Appellant’s position is supported by case law. For instance, in Stovall v. State, 683 S.W.2d 891 (Tex. App.–Fort Worth 1985, pet. ref’d), the court was asked to determine whether a one time appearance in a bar violated a term of probation directing Stovall against “frequenting” places where alcoholic beverages were sold. The court held that it did not. Id. at 893. It so ruled due to the common meaning of the word. According to it, “frequent” encompassed “an event that happen[ed] more than one time or more than a single occurrence.” Id. That interpretation also happens to comport with the one found in the Merriam-Webster Collegiate Dictionary, wherein the word is interpreted as meaning “to associate with, be in, or resort to often or habitually.” Merriam-Webster’s Collegiate Dictionary 500 (11th ed. 2003) (emphasis added). The Stovall court held that a single episode of being in a bar could not support the revocation of Stovall’s probation. Id. We see no reason to deviate from this precedent and the plain meaning assigned to the word “frequent.”
Nonetheless, the State proposed that because appellant, during this one episode, not only entered the library to use a computer located across from a 15-year-old girl but also sat next to stairs which led to a children’s area upstairs, his actions showed multiple instances of his being where kids congregate. We find the argument interesting though unpersuasive. If accepted, it would also support the notion that with each step appellant took towards the computer and stairwell, he committed additional violations since with each step he was geographically in a different place in relation to the children. Reason counsels against splitting hairs so finely. Indeed, the Stovall court focused on the episode or event as a whole as opposed to instances of conduct within the event to assess the existence of a potential violation. More importantly, the condition before us itself defined the geographic scope contemplated by the word “area” when it added “fast food establishments, parks, playgrounds, sites of school functions, shopping malls, video arcades, or skating rinks” as examples of the restricted areas. Viewed through the lens of ejusdem generis, see Thomas v. State, 65 S.W.3d 38, 41 (Tex. Crim. App. 2001) (defining the principle as one interpreting general words that follow an enumeration of particular or specific things by confining the meaning of the general words to things of the same kind), those examples describe a location in general or as a whole, not specific parts of the whole. So we cannot say that the State’s position accurately interpreted the restriction. In view of this, we opt not to construe the restriction here in a way different than what was encompassed within the plain meaning of the words actually used.

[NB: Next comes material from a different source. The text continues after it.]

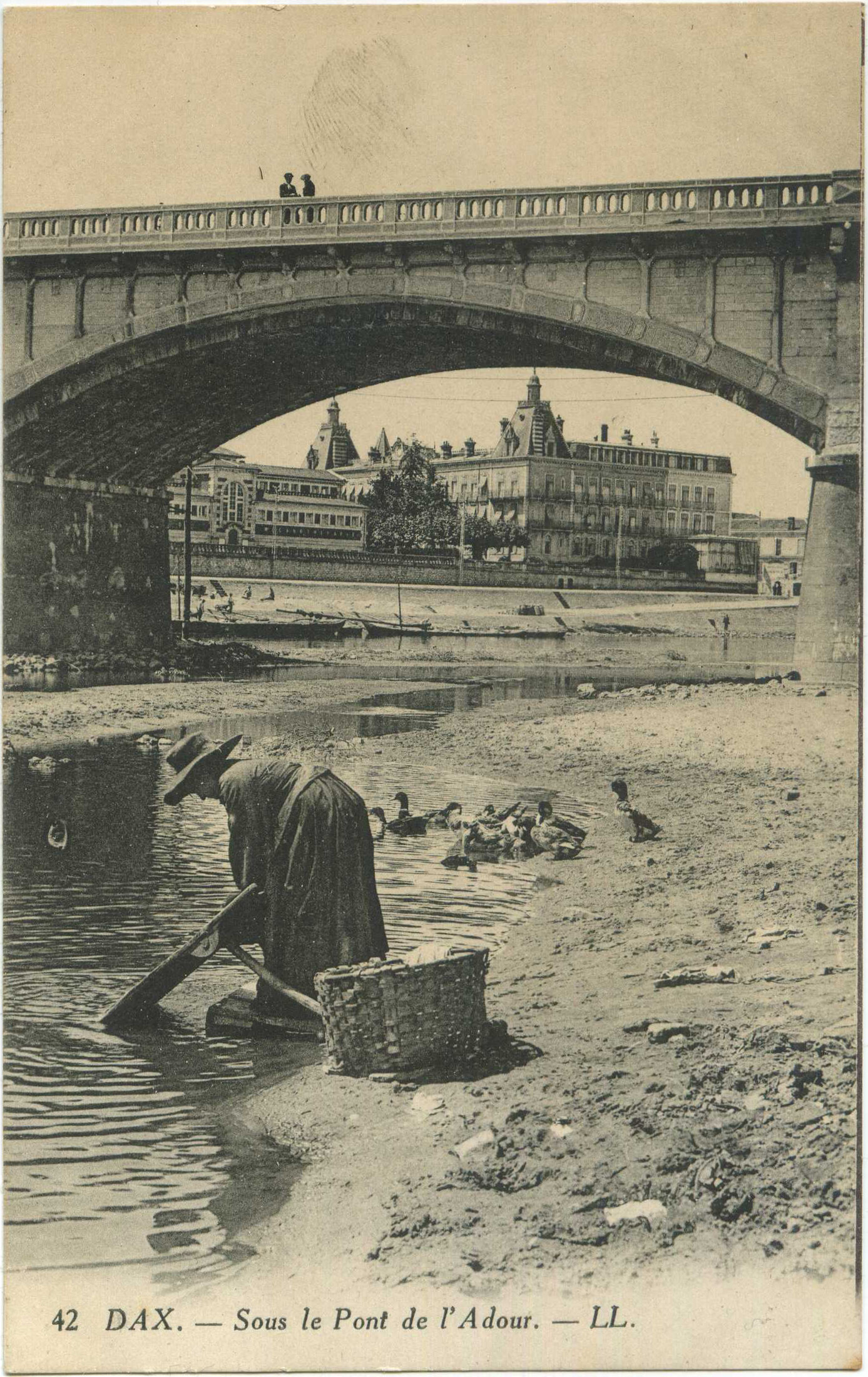 Dax - Sous le Pont de l'Adour.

In sum, the State failed to prove that appellant “frequent[ed]” a place where children congregated by simply showing that he was once in a library after being extended community supervision. Thus, we reverse the judgments adjudicating appellant’s guilt and dismiss the motions to proceed with the adjudication of guilt. See Garcia v. State, 571 S.W.2d 896, 900 (Tex. Crim. App. 1978) (reversing judgment and dismissing motion to revoke).